Australia has approved the A$6 billion acquisition of 24 Super Hornets
The Super Hornet deal may include a purchase of Raytheon AIM-9X Sidewinder short-range air-to-air missiles, rather than funding to modify the aircraft - so far operational only with the US Navy - with new software to support the integration of MBDA's ASRAAM, already fielded by the Royal Australian Air Force's current F/A-18A/Bs.
Australia is already studying a possible AIM-9X acquisition to equip its planned JSF fleet, and the new missile option will be investigated further as part of a high-level RAAF air weapons roadmap due to be considered by Australia's peak Defence Capability Committee this month (see story below).
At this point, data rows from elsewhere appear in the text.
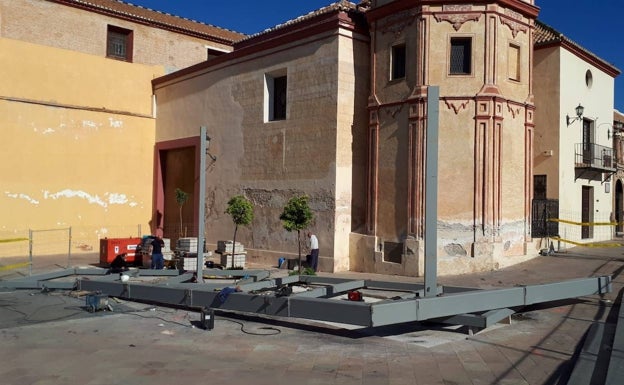 Una gran pérgola metálica romperá la visión del camarín del Cristo de Mena en Málaga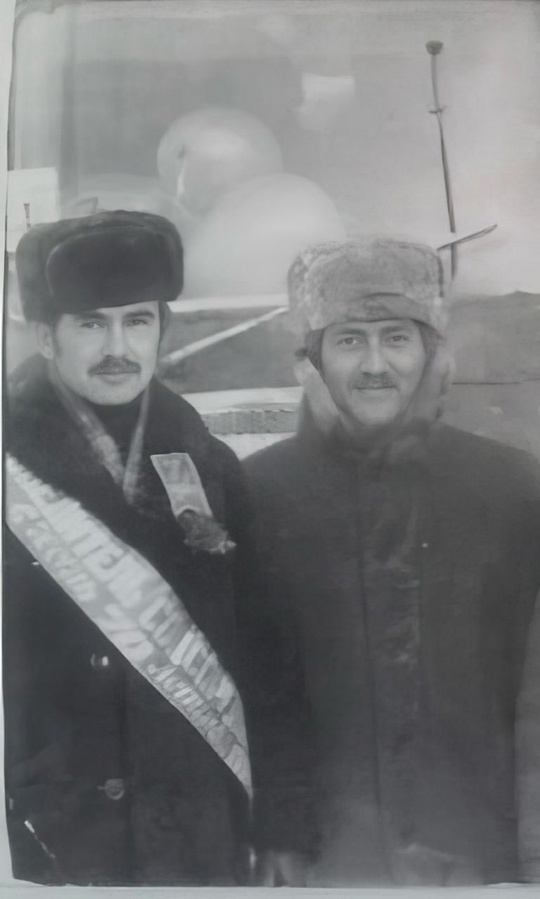 Рассказываем о трудовой династии Шпрунг, чей общий стаж на предприятиях АЛРОСА приближается к 220 годам.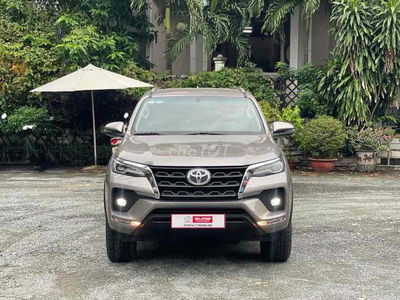 TOYOTA FORTUNER 2.4AT 2020 - CHẠY ÍT 32.000km
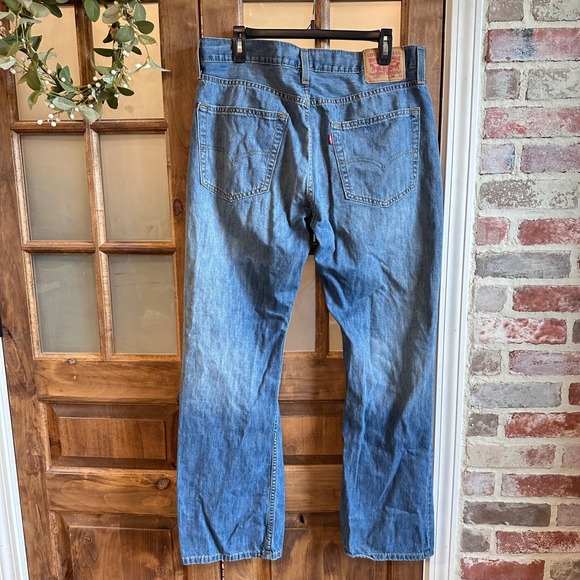 Levi's 527 Slim Bootcut Jeans Mens 36x31 (measured) Blue Medium Wash Denim - Picture 2 of 11
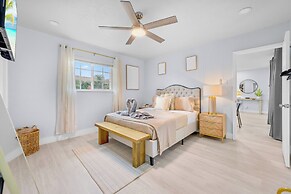 Near Parks & Casinos: Modern Home in Hollywood!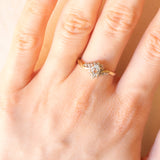 Anello vintage in oro giallo 9K con topazio azzurro (0.40ct ca.) e diamanti (0.07ctw ca.)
Nelson says funding for the 24 new fighters will come from a supplement to the Department of Defence budget between fiscal years 2007-8 and 2016-17. The A$6 billion deal will also cover associated weapons and new infrastructure. "There is no impact on the current level of funding for the JSF project, nor deferrals [or] deletions from the [Australian] Defence Capability Plan," he says.
RAAF Super Hornet aircrew training will begin in the USA in 2009, and the service's first four two-seat F/A-18Fs are scheduled to arrive in Australia in early 2010.
"Initial operational capability should be achieved by the end of 2010," says Nelson. This will require the availability of 12 aircraft and trained crews, plus a full stand-off weapons capability. Australia's last aircraft will be delivered in 2011, with full operational capability planned by late 2012, when indigenous training and support services must also be in place.
The Super Hornet fleet will replace the RAAF's 26 General Dynamics F-111 strike aircraft, which are to be retired from 2010.